_Supplied material_.
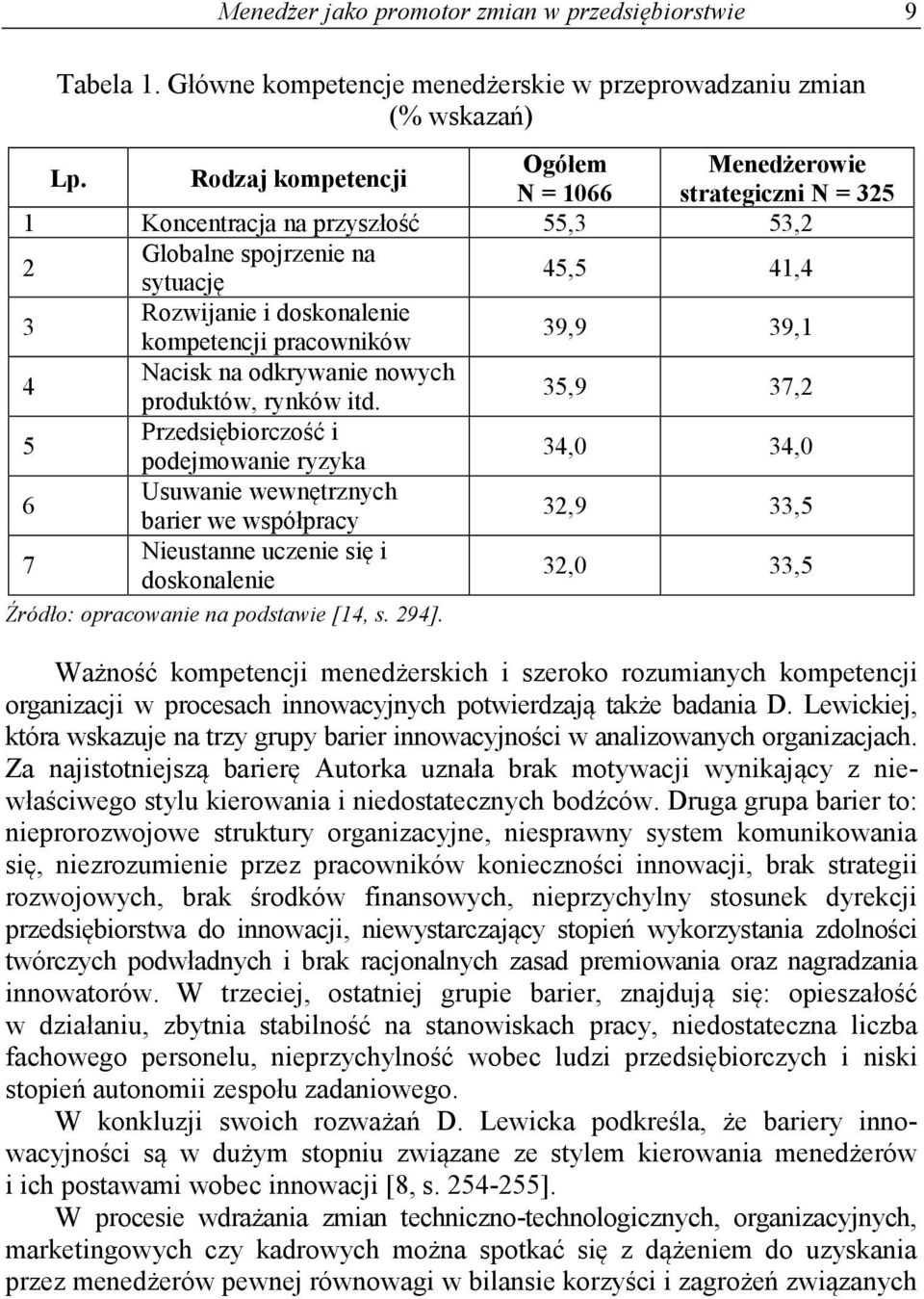 Nacisk na odkrywanie nowych 4 produktów, rynków itd.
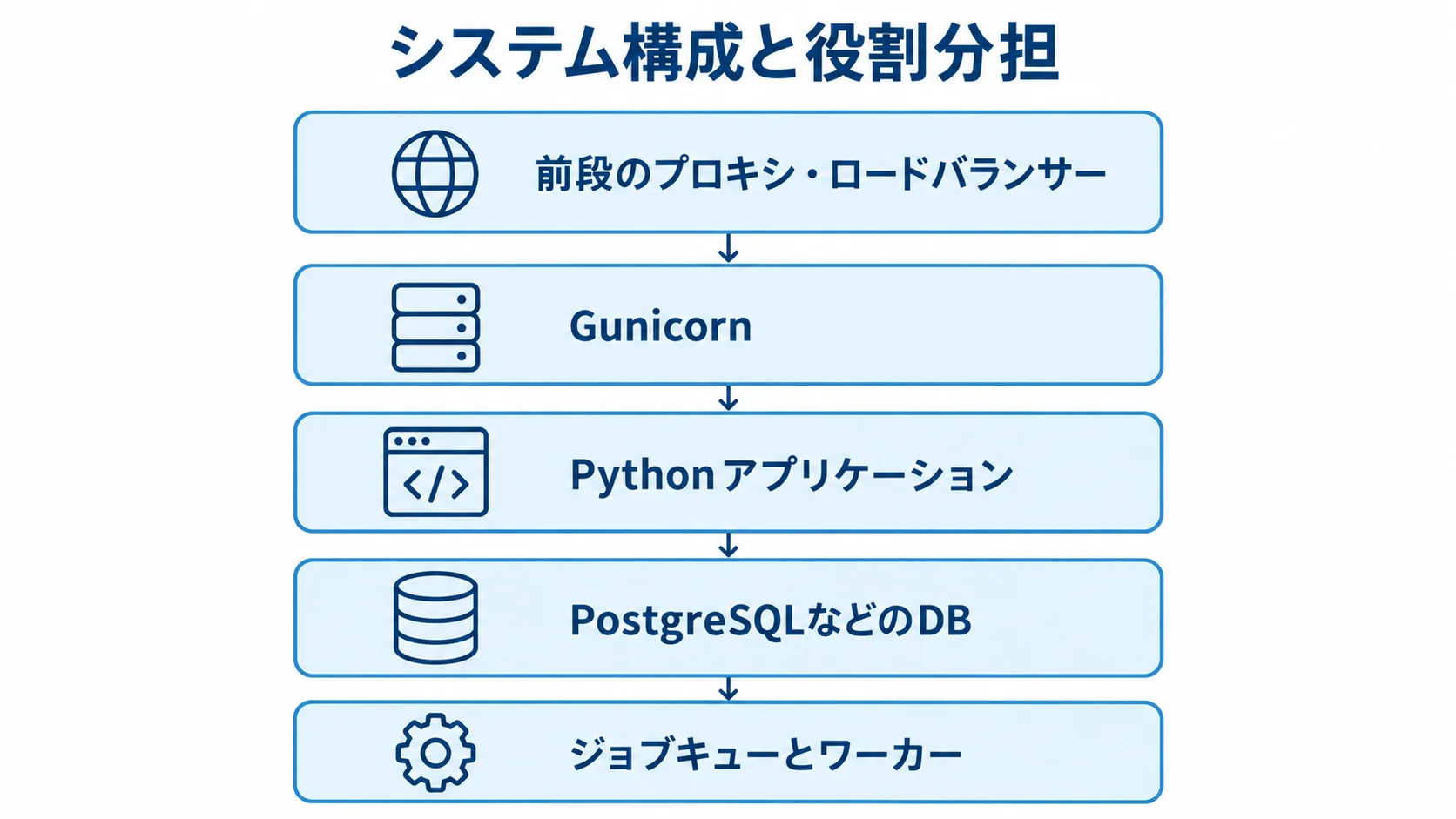 業務Webシステムを構成する各レイヤー プロキシからGunicorn、アプリ、DB、ジョブキューへ続くシステムの役割を示すレイヤー図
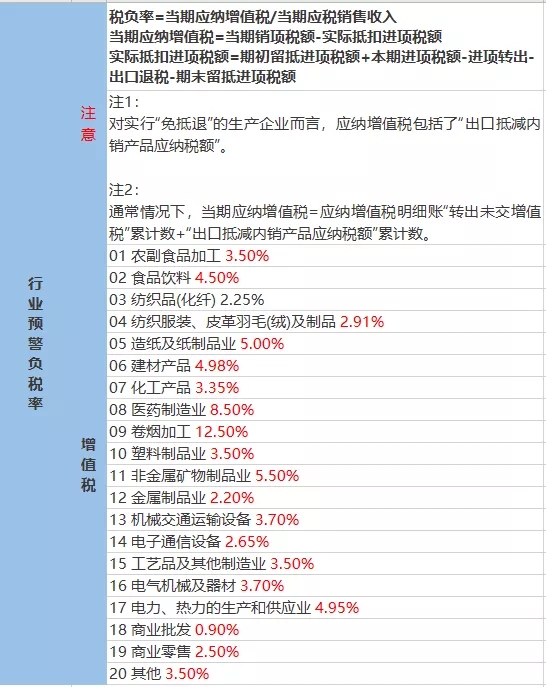 2021年稅負(fù)率，老板和會(huì)計(jì)對(duì)照自查！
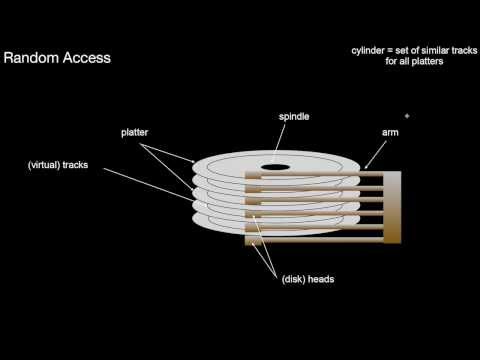 14.114 Hard Disks, Sequential Versus Random Access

_Exercise requirements_.
Write out the data above exactly as it appears, but without any image.

_Solved exercise_.
 Nacisk na odkrywanie nowych 4 produktów, rynków itd.
 業務Webシステムを構成する各レイヤー プロキシからGunicorn、アプリ、DB、ジョブキューへ続くシステムの役割を示すレイヤー図
 2021年稅負(fù)率，老板和會(huì)計(jì)對(duì)照自查！
 14.114 Hard Disks, Sequential Versus Random Access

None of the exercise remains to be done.